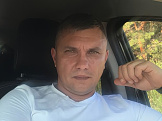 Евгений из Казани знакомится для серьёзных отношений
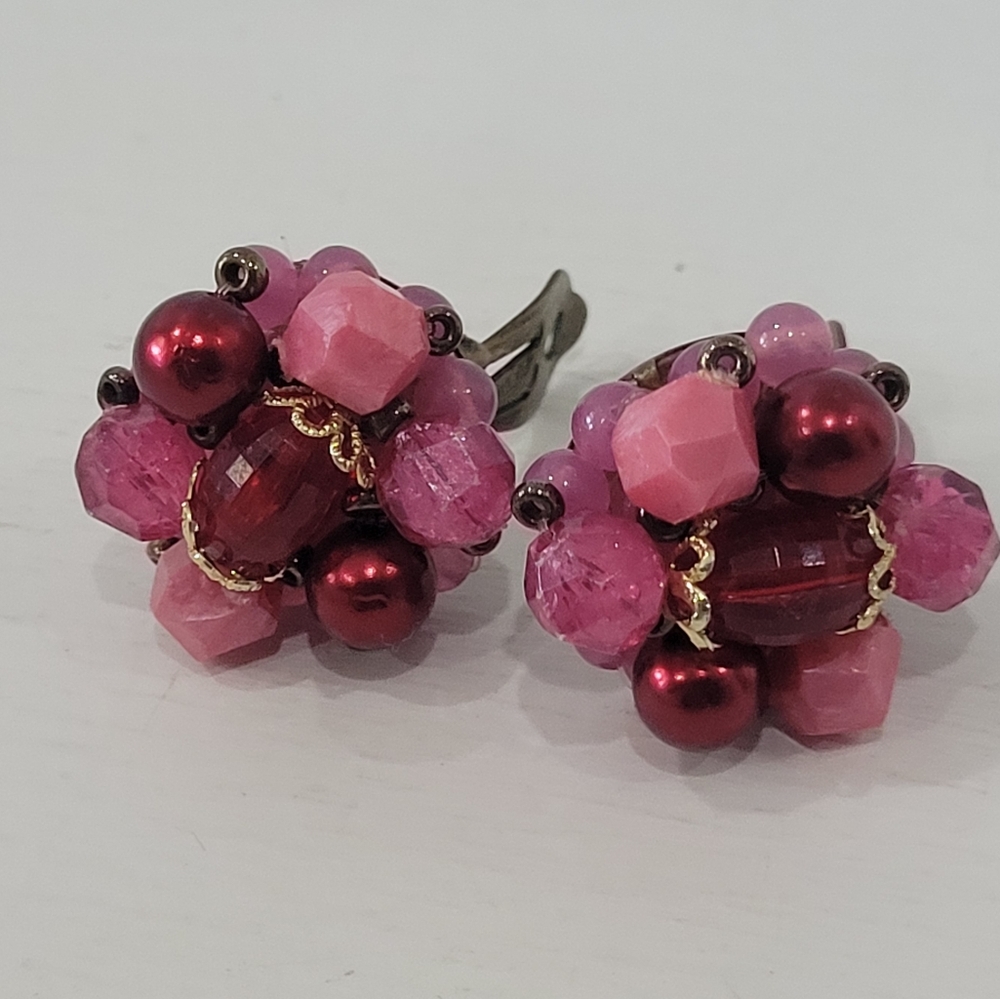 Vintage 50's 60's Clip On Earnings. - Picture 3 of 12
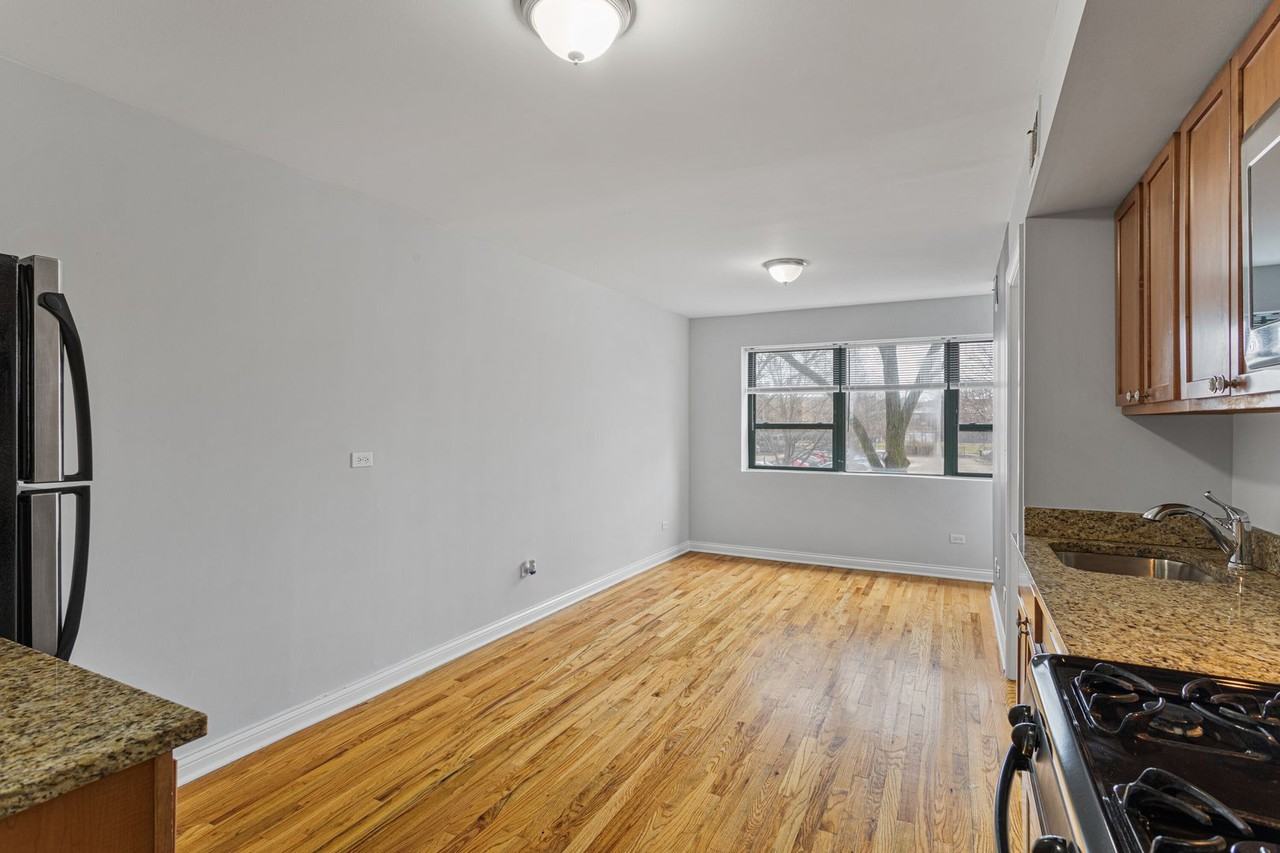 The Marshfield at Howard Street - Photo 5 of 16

EXERCISE:
Retype all of the data above word for word, excluding the pictures.

RESULT OF THIS EXERCISE:
 Евгений из Казани знакомится для серьёзных отношений
 Vintage 50's 60's Clip On Earnings. - Picture 3 of 12
 The Marshfield at Howard Street - Photo 5 of 16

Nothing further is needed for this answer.